Upon arriving in a new town, the family rode around in a car announcing the evening’s performance, Florinda playing drums while José played the trumpet to draw attention, then they sold tickets to the onlookers. They became an important part of the tradition of Mexican-American circuses in New Mexico and the southwest in the early to mid-twentieth century.

Life on the road was undoubtedly hard. Florinda gave birth to her third child, daughter Gloria, while traveling with the circus to Wagon Mound. Steve Ortiz, Florinda’s son, recalls the incident in his song Poor Boy, recorded by Eddy Arnold:

Born in an old shack on a very cold day
My mother had to work on the following day
Destination poverty very little school
She taught me to respect the golden rule.

A fourth child, daughter Anita, was born later at the old opera house, now demolished, in Wagon Mound. Often, the Ortiz family was the target of attacks by desperate locals. Their cars were damaged often—once they awakened to find it had been pushed into a ditch. Often they had to sleep behind the curtains of the stage, as there were no hotels in many of the smaller communities where they played.
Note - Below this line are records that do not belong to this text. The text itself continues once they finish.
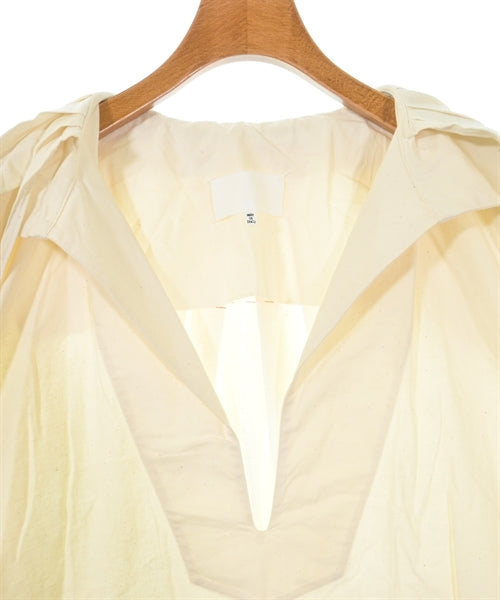 Maison Margiela 休襯衫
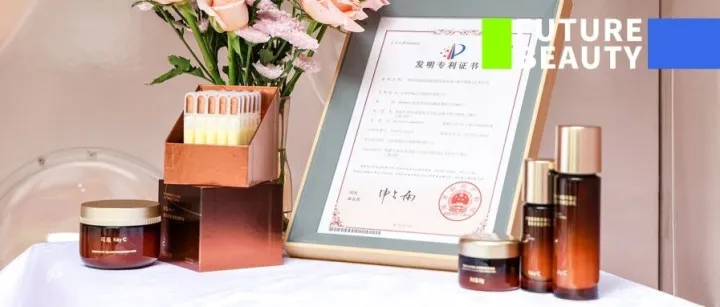 品牌成立不到兩年營收規(guī)模破2億，珂謐如何用尖刀科技突破內(nèi)卷？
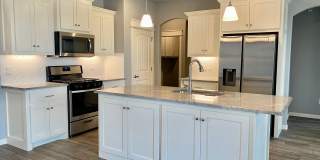 3 Bed, 2.5 Bath in Gated Community with Private Pond Gallery 9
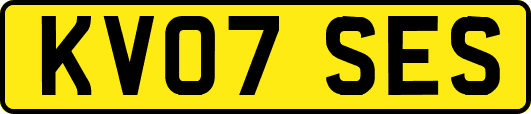 KV07SES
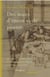 Des murs d'encre et de papier - Information et pouvoir à Lyon au début des guerres de religion (vers 1552-vers 1576)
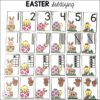 Preschool-Easter-Printable-Pack-9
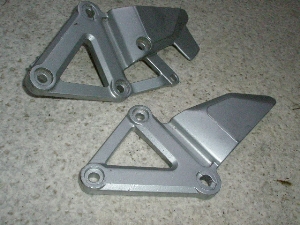RGK}125/ RG125/ 125  tgXebvXe[E NF13A-1080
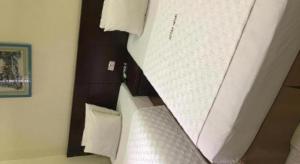 Ho Tay Hotel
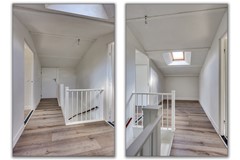 Willem Alexanderplantsoen 31 Barendrecht - 41 - Funda.jpg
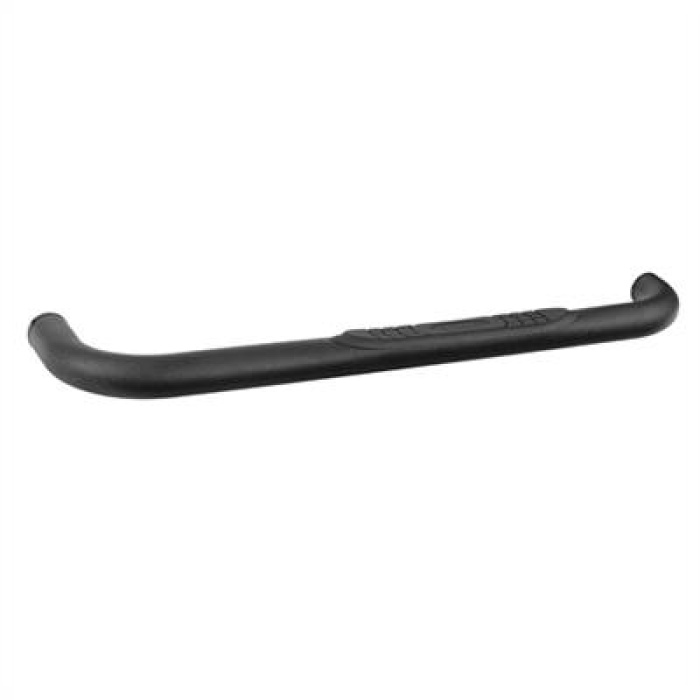 Praguri laterale Jeep Wrangler TJ - Smittybilt Sure Step - imagine 3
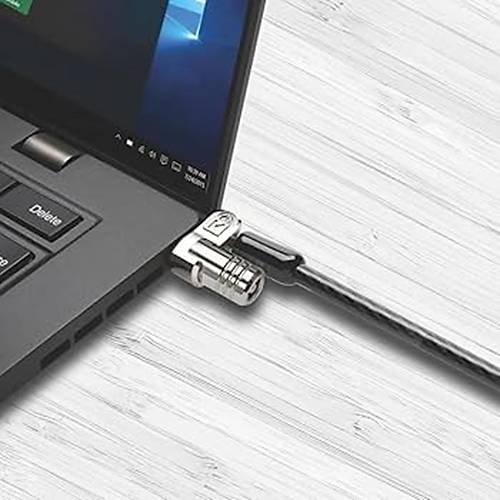 Kensington MicroSaver 2.0 Diz�st� Kilidi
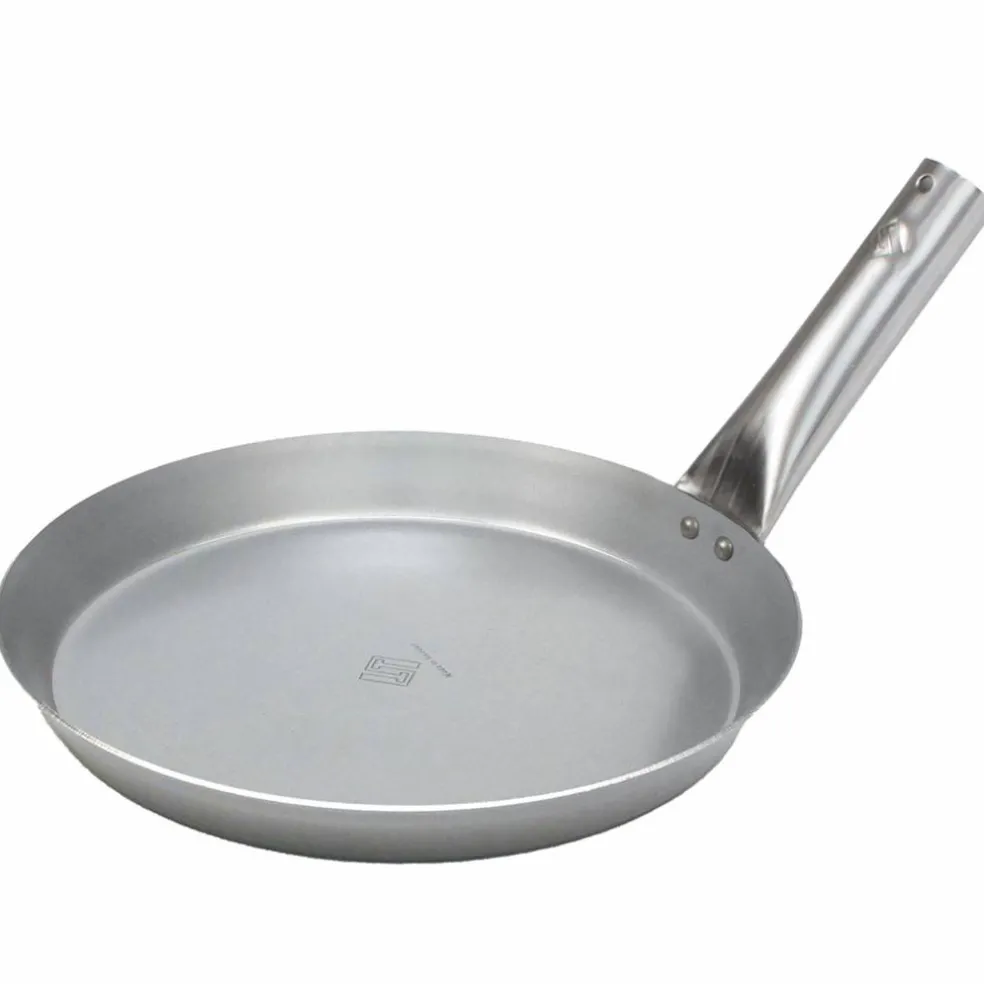 Original S1 jägarstekpanna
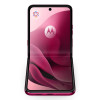 Motorola Razr 60 Ultra 5G 16/512GB Cabaret Pink-17577507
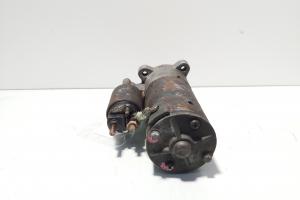 Electromotor, cod 6G9N-11000-EC, Ford Mondeo 4, 1.8 TDCI, QYBA (id:669425) din dezmembrari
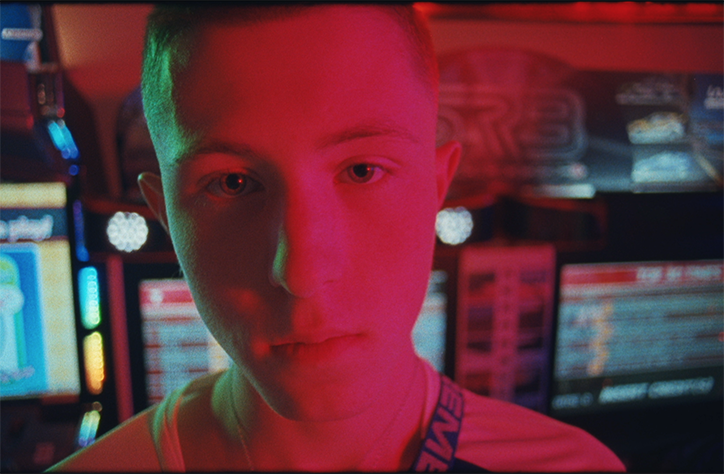 law-magazine-midnight-express-film-itsnicethat-02.png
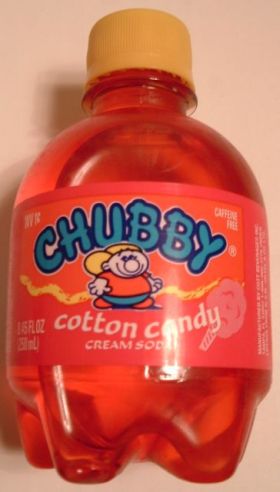 [chubby_cotton_candy_cream_soda.jpg]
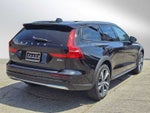 2026 Volvo V60 Cross Country Plus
One evening in 1939 in Conchos, Arizona, a band of roughnecks charged the stage. Florinda grabbed a gun that was used in Jose’s magic act, and—believing it to have only blanks in preparation for a specific trick—fired on one of the attackers, the nephew of the local sheriff. The gun was loaded with real bullets, and the attacker fell dead. Apparently, another performer had anticipated trouble and replaced the blanks with real bullets without telling anyone. If the show had gone on as scheduled, José would have killed his wife. Instead, she was arrested and remained in jail for a year. Court papers show that she was tried twice—the first time found guilty, and the second time not guilty.
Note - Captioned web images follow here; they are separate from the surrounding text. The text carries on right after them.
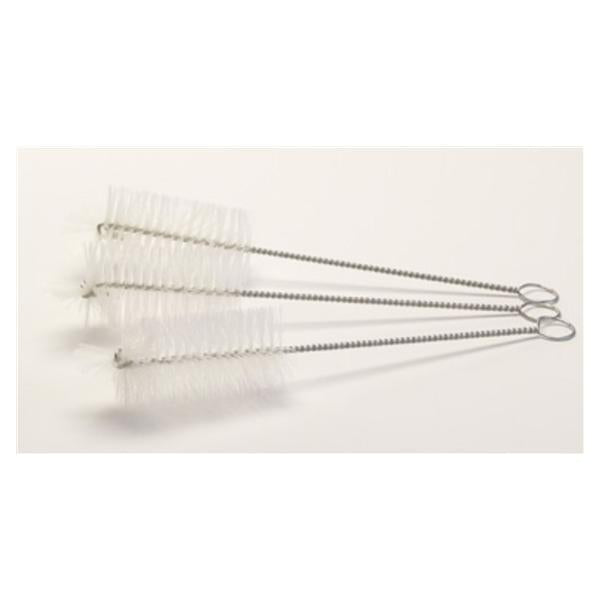 Graham-Field/Everest &Jennings Brush 14X3/4X3-1/2" 12/Bx - 3413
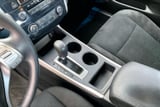 2015 Nissan Altima - Preview 5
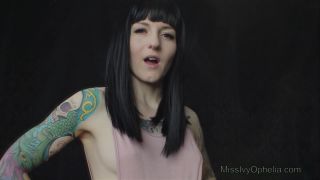 online porn video 4 Sissy Witch 6 - Feminization Craving, vagina fetish on fetish porn -2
Florinda Ortiz died in 1939 at only 39. Three of her children, Reuben, Anita, and Steve, later found recording and performance success as a musical group known as the Ortiz Trio in 1952, and later as the Coronados, named for their great-great grandfather. They performed in stage acts around the country and on TV, and released albums on the RCA label. Later, their younger brother Frankie Ray recorded with ABC Paramount Records.
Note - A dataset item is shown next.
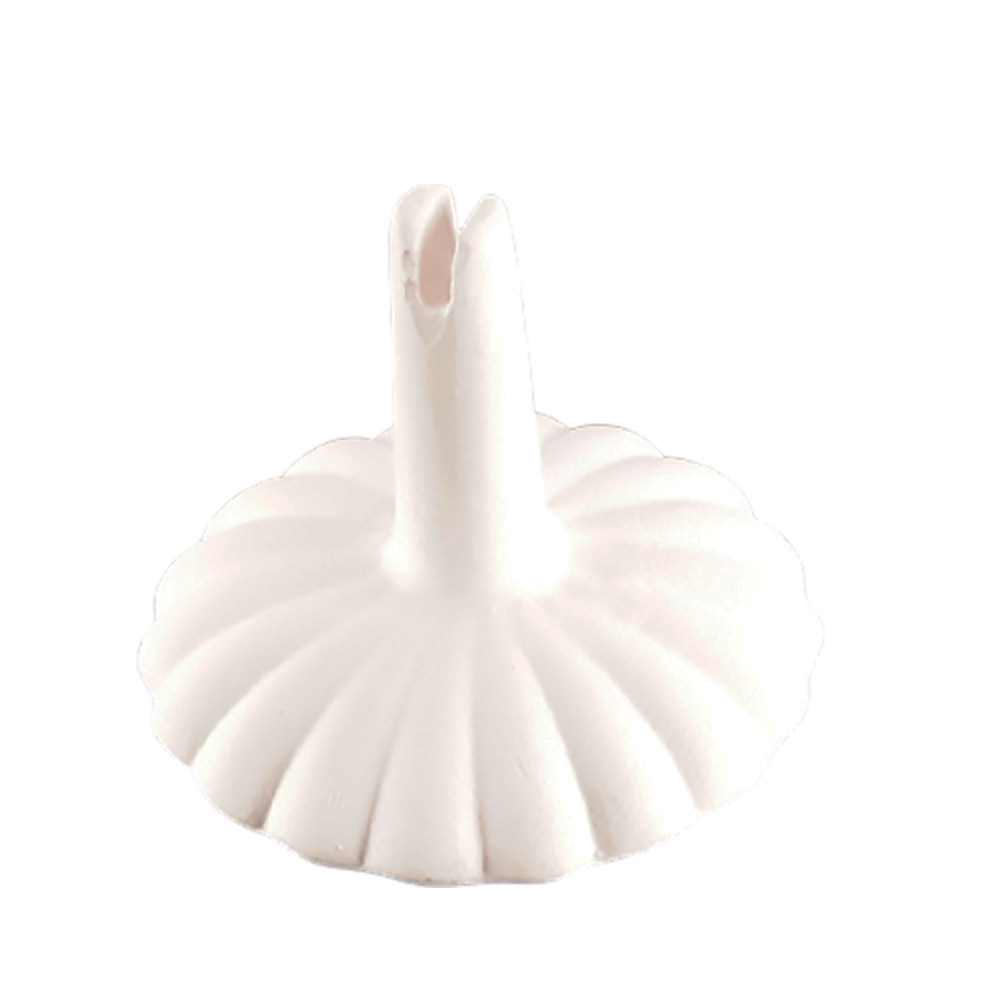 置香架&平爐器 【十方】139586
Many of the circuses that originated in Mexico began touring the southwestern United States when economic and political hardships brought on by the Mexican Revolution of 1910-1920 forced the acts northward. Carpas had a distinctive character. Because of their small size, bare-bones style, and organization around a family unit, the carpas could manage themselves better than the larger circuses. Furthermore, they were able to cultivate smaller audiences in the most remote areas. The carpas became an important Mexican-American popular cultural institution in the Southwest. Their comic routines became a sounding board for the culture conflict many Mexican Americans felt in language usage, assimilation to American tastes and lifestyles, and discrimination in the United States.

Sources:

Interview with Steve Ortiz and other family memorabilia and documentation provided by Mr. Ortiz, July 2016.

Belli, Elaine. “Ortiz Trio Climbs Ladder of Success in Show Business.” Albuquerque
Journal, June 25, 1957, p. 17.

Kanellos, Nicolás. Mexican American Theater: Legacy and Reality. Pittsburgh:
Latin American Literary Review Press, 1987.

Montaño, Mary. Tradiciones Nuevomexicanas: Hispano Arts and Culture of New
Mexico. Albuquerque: University of New Mexico Press, 2001.

“Albuquerque Singer Makes State Legend Song.” Las Vegas Daily Optic, Monday,
January 10, 1977, p. 6.

“Circus Clown Dies; Villa’s Bugle Boy.” Albuquerque Tribune, November 22, 1982.

“Parade Route Announced.” Las Vegas Daily Optic, Thursday, July 3, 1969, p. 2.